** Opening Supplied information block **

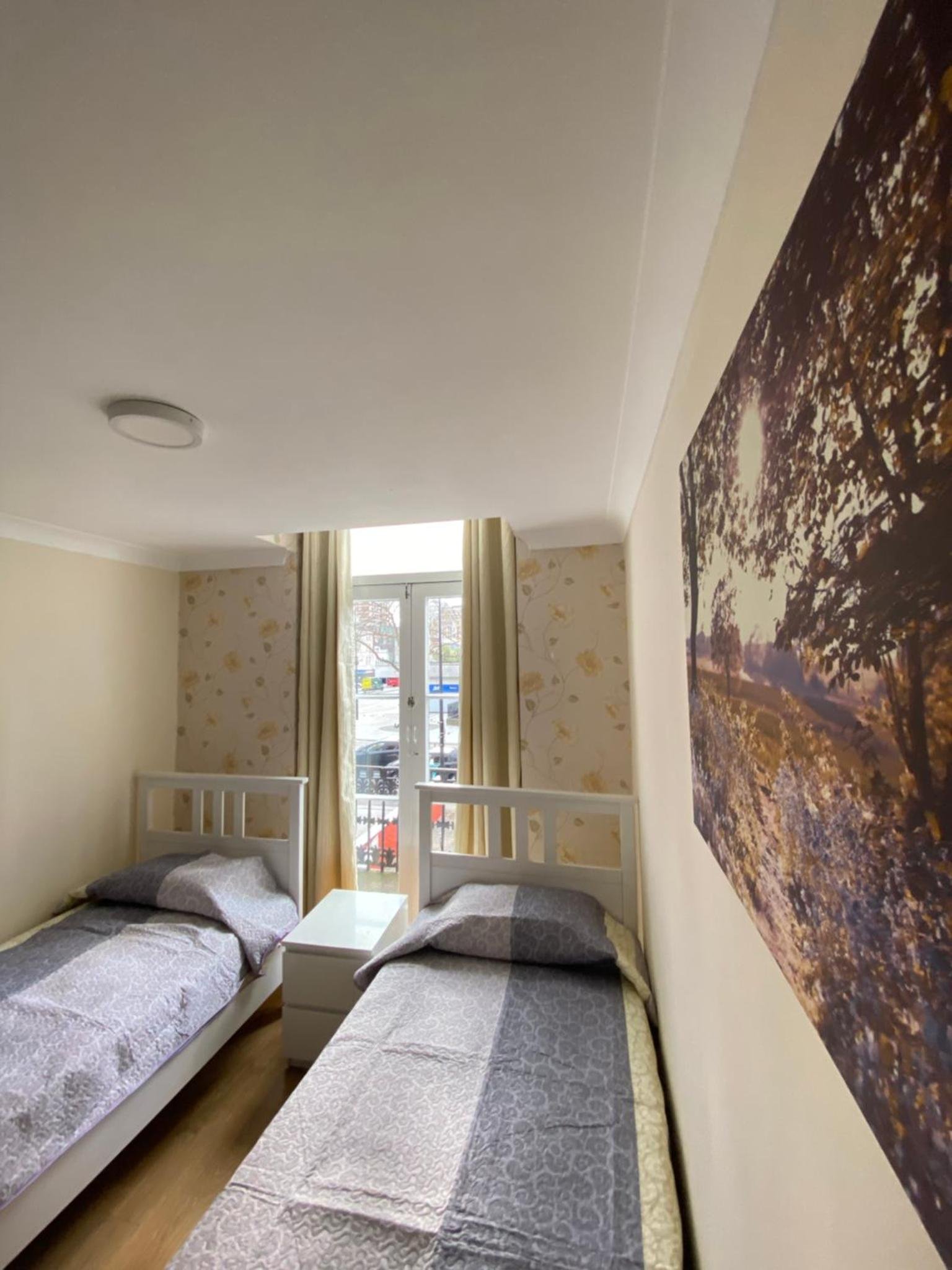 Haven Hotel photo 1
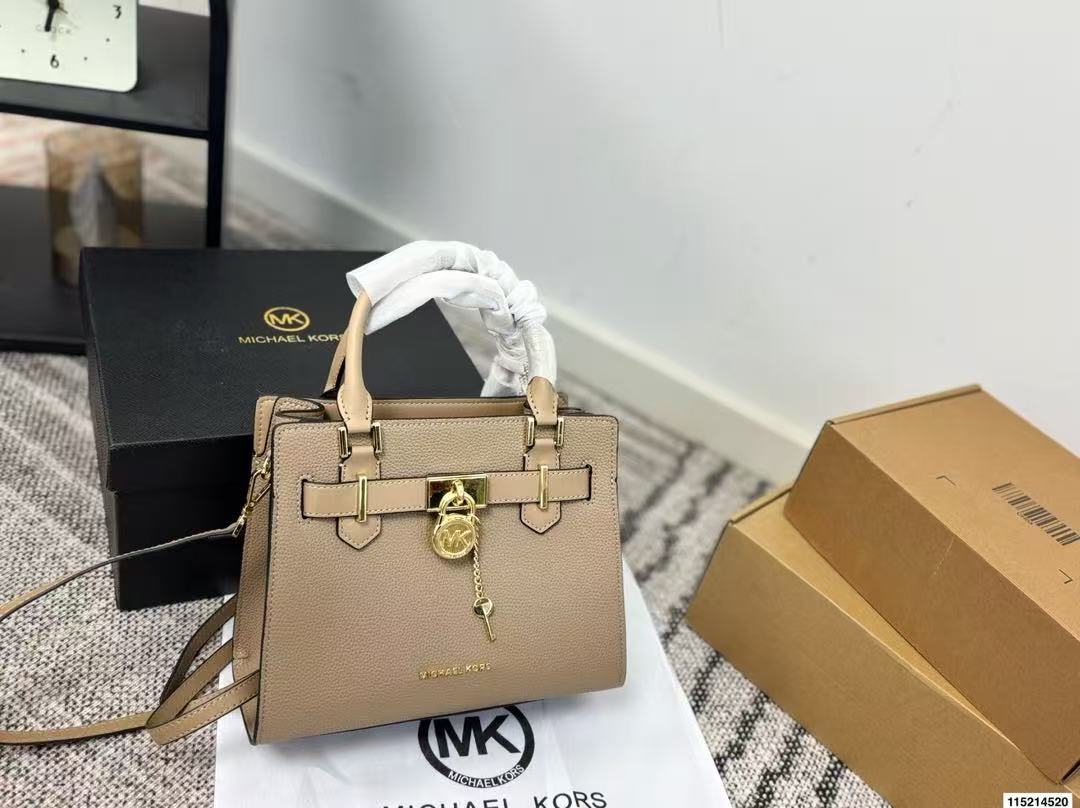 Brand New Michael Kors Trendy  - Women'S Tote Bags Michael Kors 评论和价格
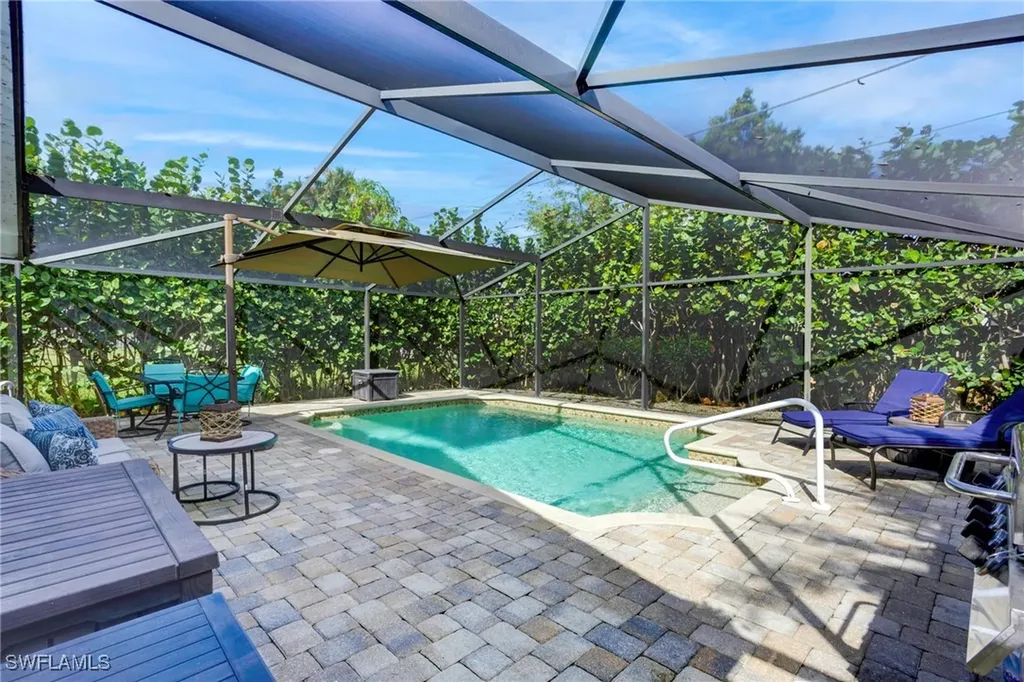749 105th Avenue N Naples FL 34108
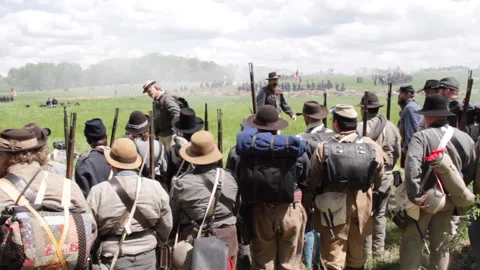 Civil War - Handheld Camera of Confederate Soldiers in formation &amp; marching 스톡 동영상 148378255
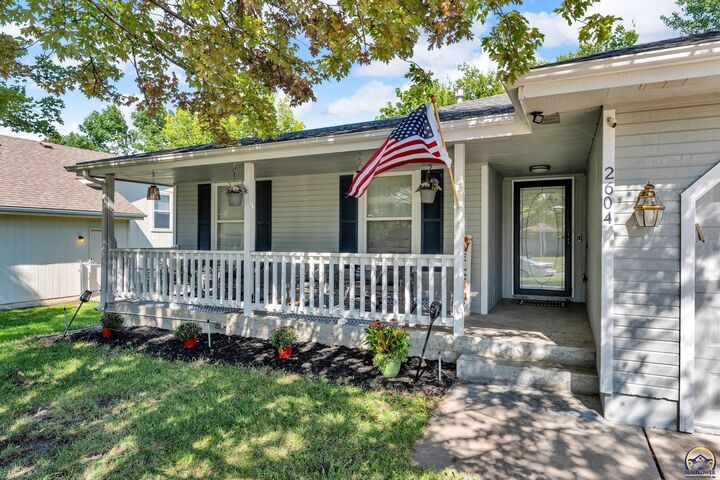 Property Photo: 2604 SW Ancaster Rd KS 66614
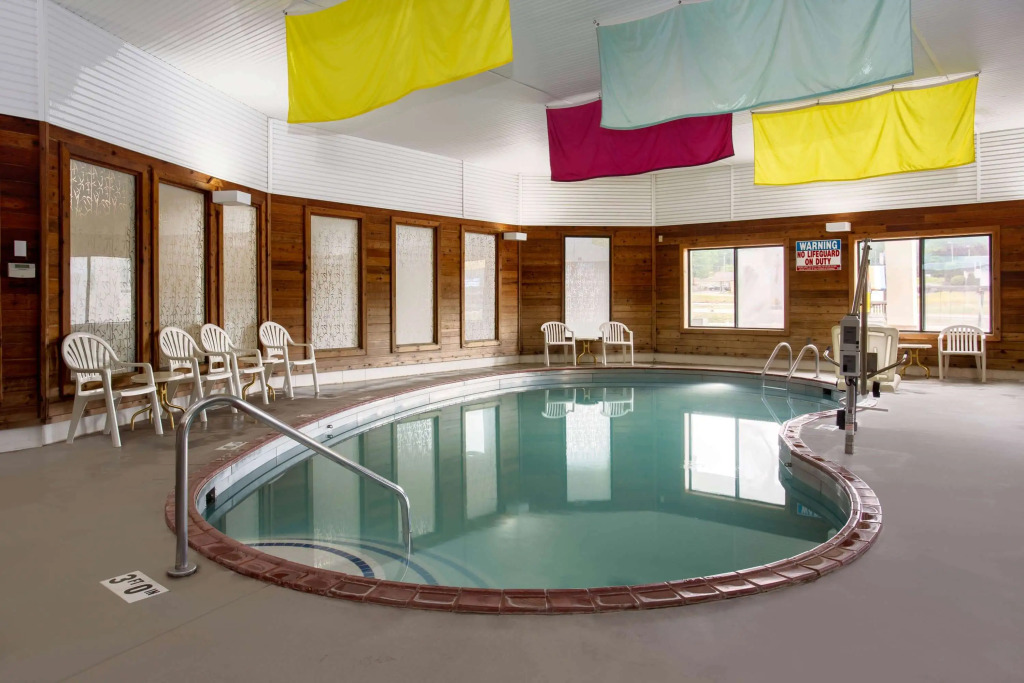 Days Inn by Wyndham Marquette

** Closing Supplied information block **

Your goal >> Take the lines from the first line of the entries through the line with "Property Photo: 2604 SW Ancaster Rd KS 66614", inclusive, and give them again exactly, minus any pictures.

Answer box >>
 Haven Hotel photo 1
 Brand New Michael Kors Trendy  - Women'S Tote Bags Michael Kors 评论和价格
749 105th Avenue N Naples FL 34108
 Civil War - Handheld Camera of Confederate Soldiers in formation &amp; marching 스톡 동영상 148378255
 Property Photo: 2604 SW Ancaster Rd KS 66614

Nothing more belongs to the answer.